What you will do.
Reproduce the entries shown below only from the line with "I'm going to" down to the line with "I just thought", keeping both end lines and copying each one exactly.

Data supplied.
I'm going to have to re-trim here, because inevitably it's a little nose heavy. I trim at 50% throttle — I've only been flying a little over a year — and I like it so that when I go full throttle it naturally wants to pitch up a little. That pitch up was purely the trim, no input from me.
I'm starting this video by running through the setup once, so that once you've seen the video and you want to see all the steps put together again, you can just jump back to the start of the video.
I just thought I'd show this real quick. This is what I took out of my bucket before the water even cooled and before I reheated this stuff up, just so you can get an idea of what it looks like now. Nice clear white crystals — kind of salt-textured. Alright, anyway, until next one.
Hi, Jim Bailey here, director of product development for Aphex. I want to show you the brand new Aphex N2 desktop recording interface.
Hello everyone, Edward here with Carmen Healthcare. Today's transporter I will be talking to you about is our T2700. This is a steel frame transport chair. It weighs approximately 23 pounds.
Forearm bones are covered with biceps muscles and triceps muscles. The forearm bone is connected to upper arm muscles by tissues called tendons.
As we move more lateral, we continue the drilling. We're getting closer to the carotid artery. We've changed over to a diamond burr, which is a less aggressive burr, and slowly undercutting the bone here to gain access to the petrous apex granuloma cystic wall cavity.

==

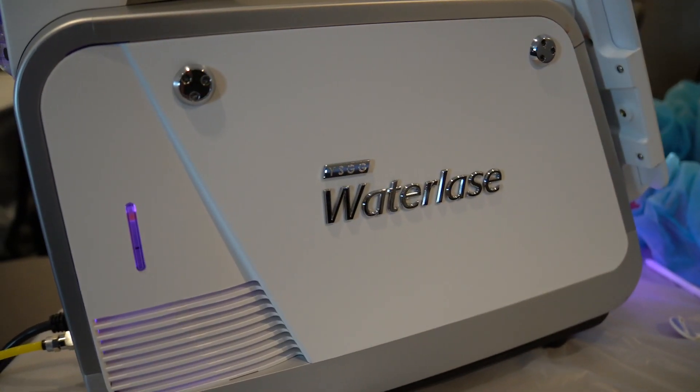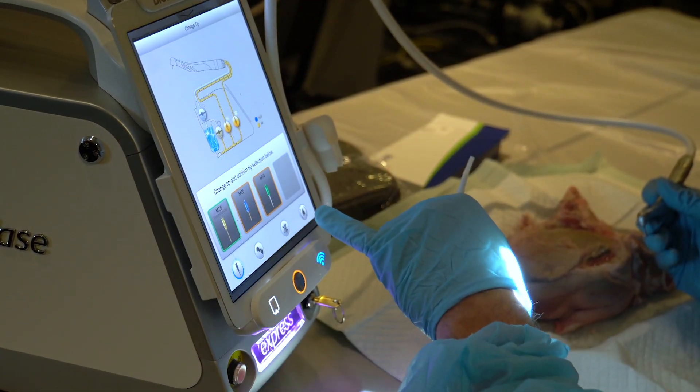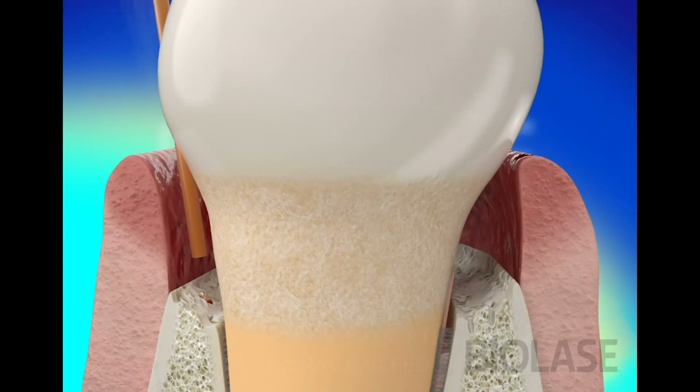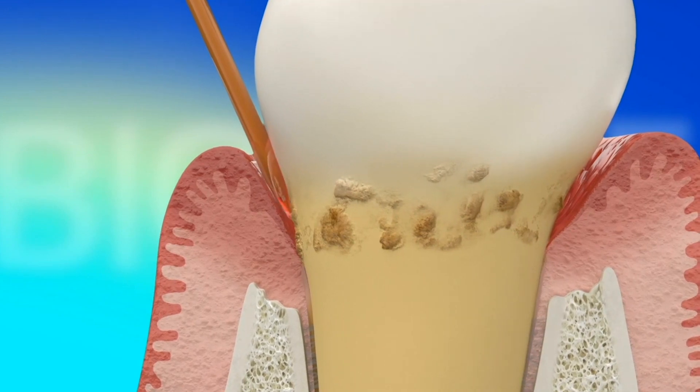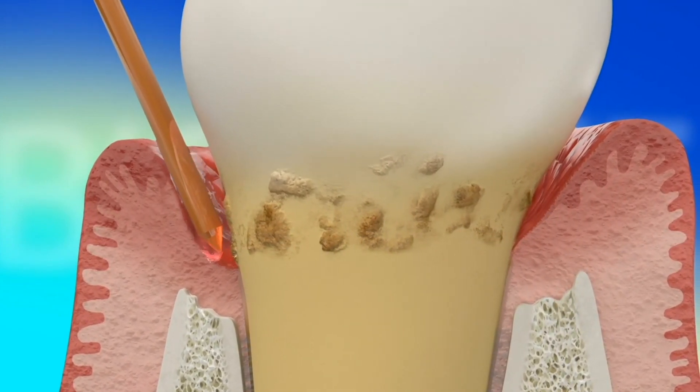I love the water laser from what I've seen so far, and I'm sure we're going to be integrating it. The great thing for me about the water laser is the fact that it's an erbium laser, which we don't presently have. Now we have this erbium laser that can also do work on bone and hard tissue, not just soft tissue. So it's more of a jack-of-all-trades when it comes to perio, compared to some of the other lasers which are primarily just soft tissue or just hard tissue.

==

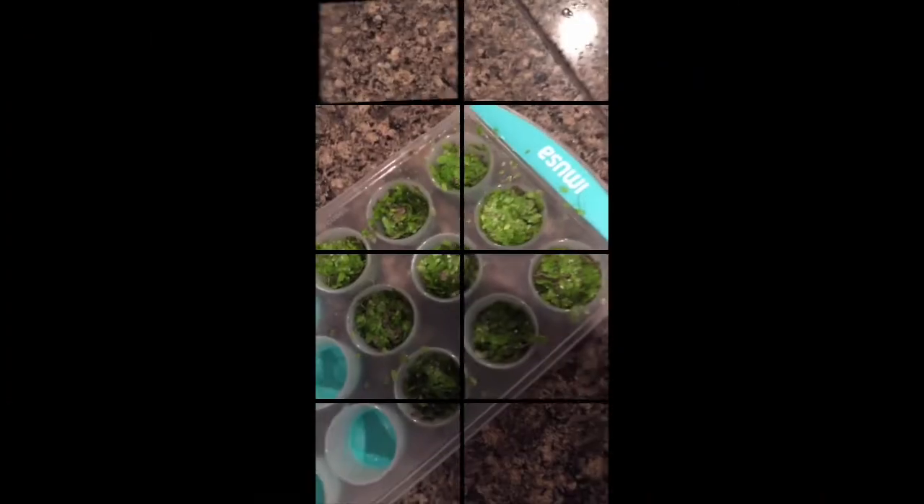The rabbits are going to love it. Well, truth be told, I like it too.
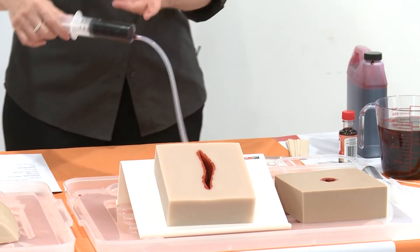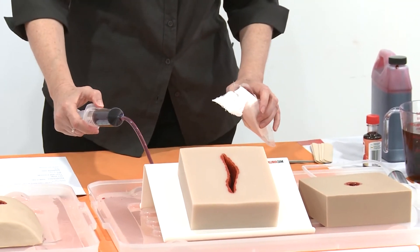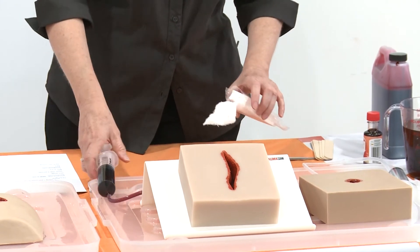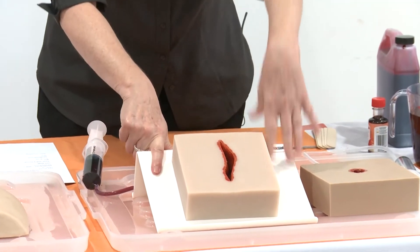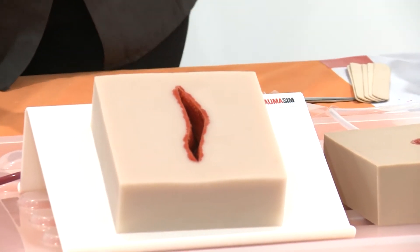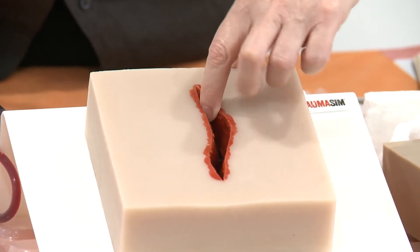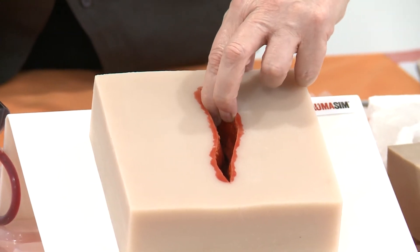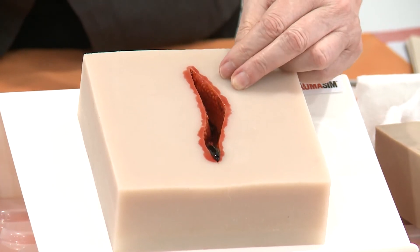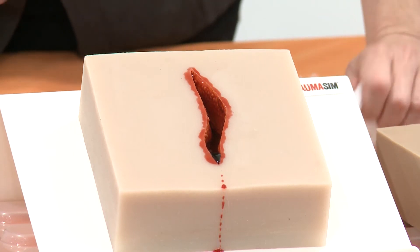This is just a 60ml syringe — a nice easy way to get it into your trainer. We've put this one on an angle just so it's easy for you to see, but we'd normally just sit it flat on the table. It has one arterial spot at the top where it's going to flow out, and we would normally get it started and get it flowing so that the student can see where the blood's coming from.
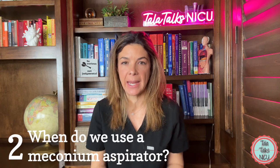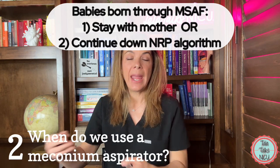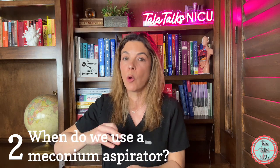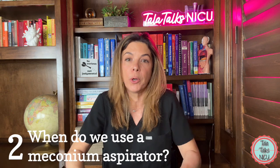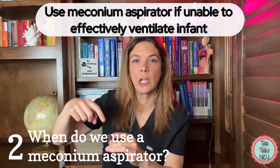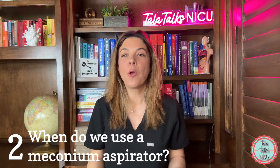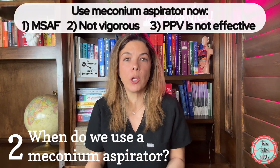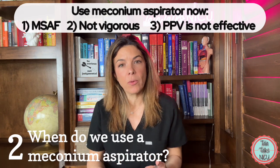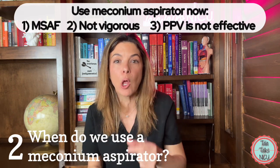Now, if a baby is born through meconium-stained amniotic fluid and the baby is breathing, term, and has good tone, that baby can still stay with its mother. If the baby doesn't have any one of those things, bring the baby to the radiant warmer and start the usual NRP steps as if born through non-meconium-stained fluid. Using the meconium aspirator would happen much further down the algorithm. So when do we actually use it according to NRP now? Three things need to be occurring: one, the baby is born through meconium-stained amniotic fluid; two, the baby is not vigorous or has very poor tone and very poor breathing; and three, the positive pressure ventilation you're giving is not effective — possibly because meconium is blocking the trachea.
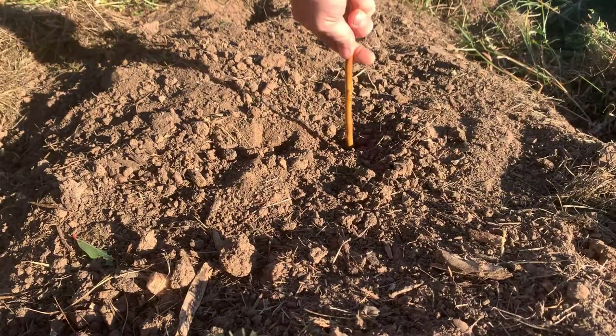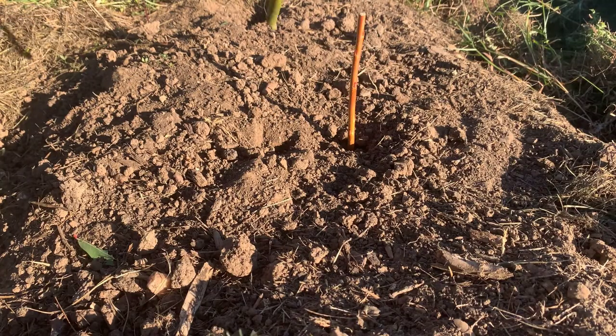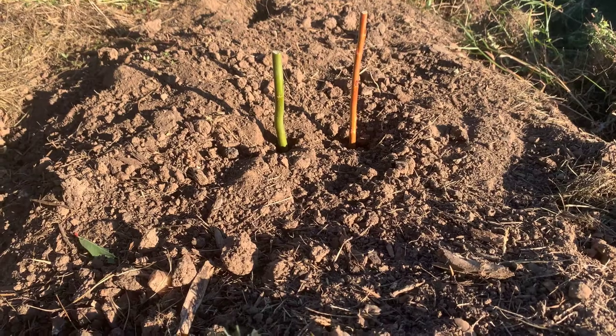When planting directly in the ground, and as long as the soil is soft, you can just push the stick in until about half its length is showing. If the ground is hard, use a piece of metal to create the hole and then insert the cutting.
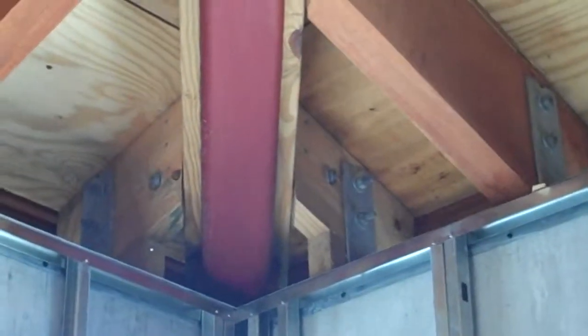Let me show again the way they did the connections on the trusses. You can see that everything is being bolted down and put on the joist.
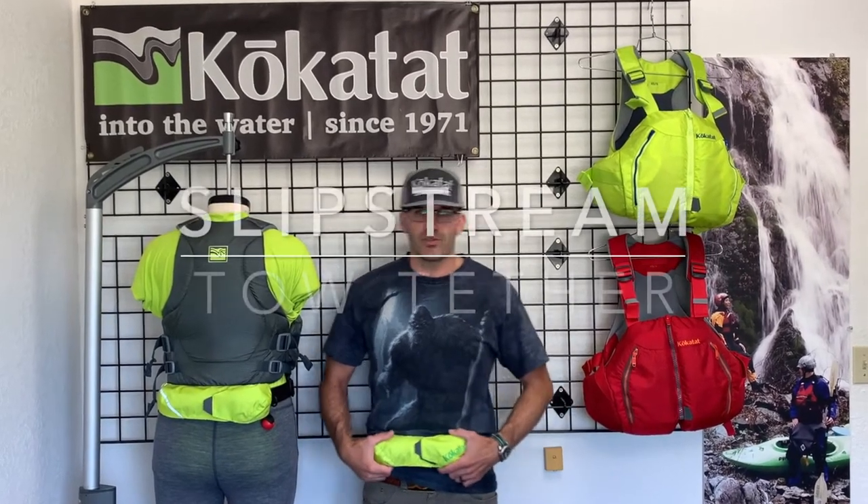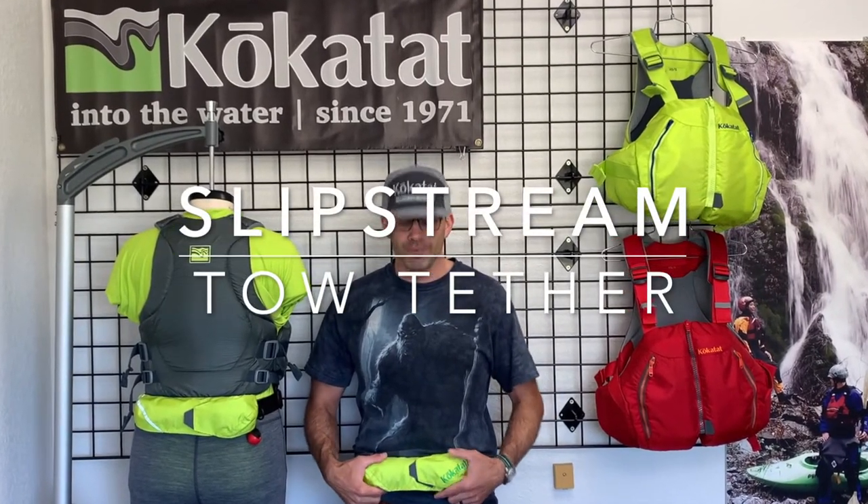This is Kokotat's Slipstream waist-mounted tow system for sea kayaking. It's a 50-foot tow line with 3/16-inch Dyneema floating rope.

Response box.
I'm going to have to re-trim here, because inevitably it's a little nose heavy. I trim at 50% throttle — I've only been flying a little over a year — and I like it so that when I go full throttle it naturally wants to pitch up a little. That pitch up was purely the trim, no input from me.
I'm starting this video by running through the setup once, so that once you've seen the video and you want to see all the steps put together again, you can just jump back to the start of the video.
I just thought I'd show this real quick. This is what I took out of my bucket before the water even cooled and before I reheated this stuff up, just so you can get an idea of what it looks like now. Nice clear white crystals — kind of salt-textured. Alright, anyway, until next one.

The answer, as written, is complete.